New York

Joan Brown, Model with Reflection in Window, 1972, acrylic, ink, and graphite on paper, 36 × 24".

Joan Brown, Model with Reflection in Window, 1972, acrylic, ink, and graphite on paper, 36 × 24".

Joan Brown

“Drawn from Life: Works on Paper, 1970–1976” was a modest but illuminating survey of drawings by the late Bay Area painter Joan Brown (1938–1990). The eighteen works featured at George Adams Gallery—done primarily in ink, acrylic, and graphite—highlighted a major turning point in the artist’s career: namely, the transition Brown made from creating heavily impastoed and expressionistic figurative paintings to producing flatter and more stylized depictions of women—images that are implicitly self-referential and, for the most part, nude. Many are conspicuously linear, not to say deftly Minimal, among them Figure #13, Figure #25, and Figure #39, all 1970—clearly “breakthrough” pieces in their utter eschewal of luscious painterly facture.

There is nothing overtly sexual about Brown’s subjects, however much the pink nudes of Model in Studio and Model with Table with Wheels, both 1973, hold the picture plane with their voluptuous streamlined forms, suggesting a certain affinity with Matisse’s flattened portrayals of women. With the exception of Carmelina, 1903, an unabashedly sensuous oil painting of a bare-skinned girl who unflinchingly meets the viewer’s gaze, the Frenchman’s models were rarely mentioned by name. Yet a number of Brown’s, such as the one depicted in Mary Julia #29, 1976—a sweet portrait of a lady in crimson heels and a yellow polka-dot dress—are named, implying that the subject could have been a friend of the artist’s. Nonetheless, like the faceless woman of Model with Paint Brushes, 1973, Mary Julia is oddly cipherlike and deindividualized, as if she were just another pretty object on display in a tastefully appointed room (the chamber’s dark carpeting is printed with a bold floral pattern—one that wouldn’t appear too out of place in an interior by Matisse).
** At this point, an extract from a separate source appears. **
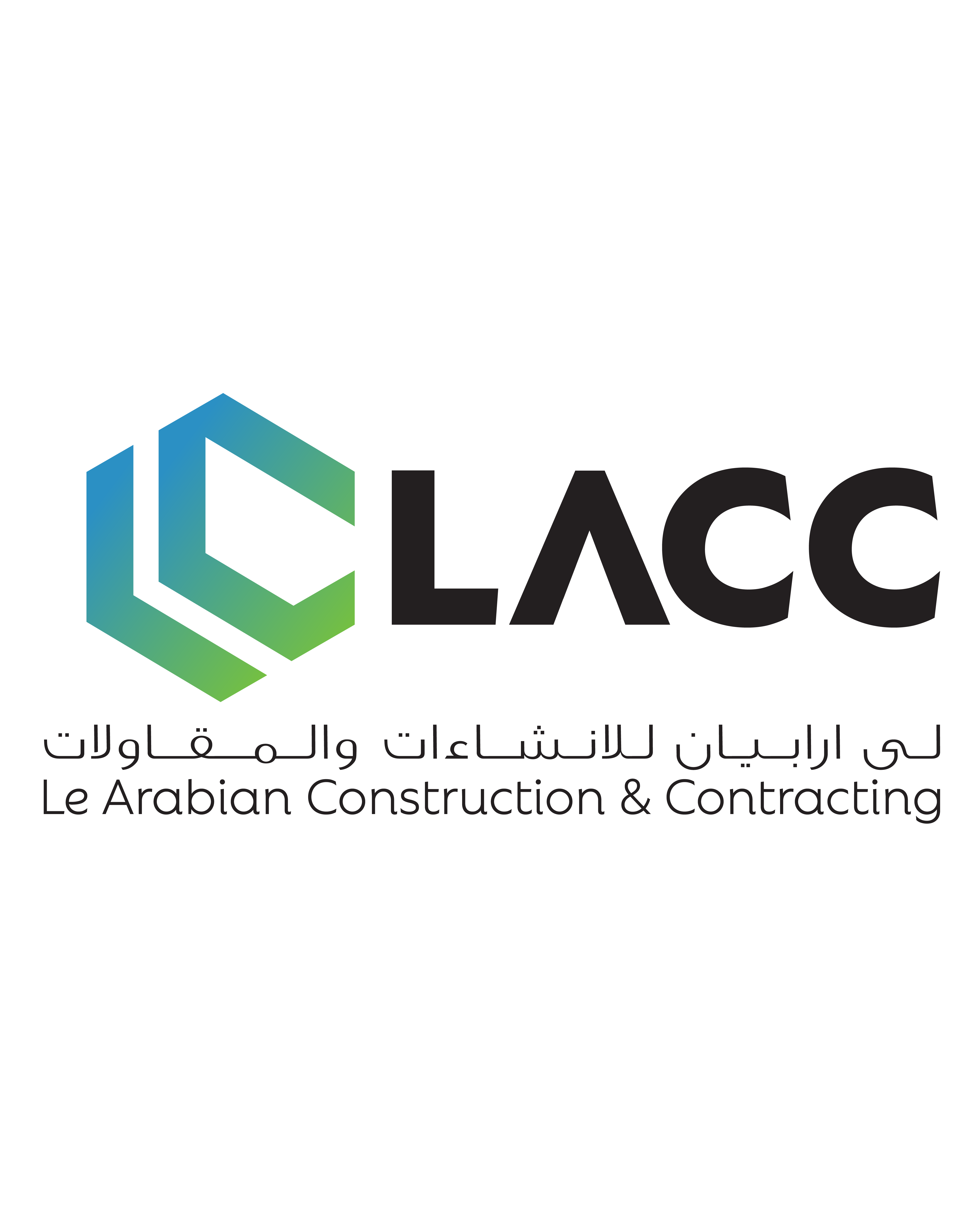 Le Arabian Construction and Contracting WLL - Construction Qatar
Yet Model + Artist, Model + Mirror in Studio, and Model with Reflection in Window, all 1972, indicate that Brown is looking inward on a journey of self-discovery. In the first drawing, the sitter leans her head on her right hand, the traditional pose of melancholy, dating at least to Albrecht Dürer’s engraving Melencolia I, 1514. In the second and third pictures, two other women observe their reflections. Perhaps they are in need of mirroring—or empathic acceptance, according to psychoanalyst Heinz Kohut’s definition—which is essential for the “restoration of the [damaged, unhappy] self.” However, in Model with Stripes, 1971, conceivably the bleakest, most emotionally charged work in the exhibition (and implicitly a self-portrait, for Brown projects herself into the subject), the dejected figure confronts the viewer in all her misery. Her pale, rough-hewn face resembles a death mask; her eyes are sullen, empty. She stares vacantly into space, communicating a sense of life’s meaninglessness.

Certainly the drawings were made at a time of extreme disquiet and flux. Brown’s father was an alcoholic, and her mother often threatened suicide (which she ultimately committed, just six weeks after the artist’s father died of a heart attack). And immediately before her wedding to her first husband, Brown became seriously physically ill. She eventually sought a cure by befriending an Indian guru—one wonders if he functioned as a substitute father for her. Again, Model with Stripes is a daring and insightful self-representation, for only in the mirror of art was the artist able to truly see herself and heal the wound her narcissistic parents inflicted on her. As Hungarian-British writer Arthur Koestler espoused, art can be a crucial form of self-repair.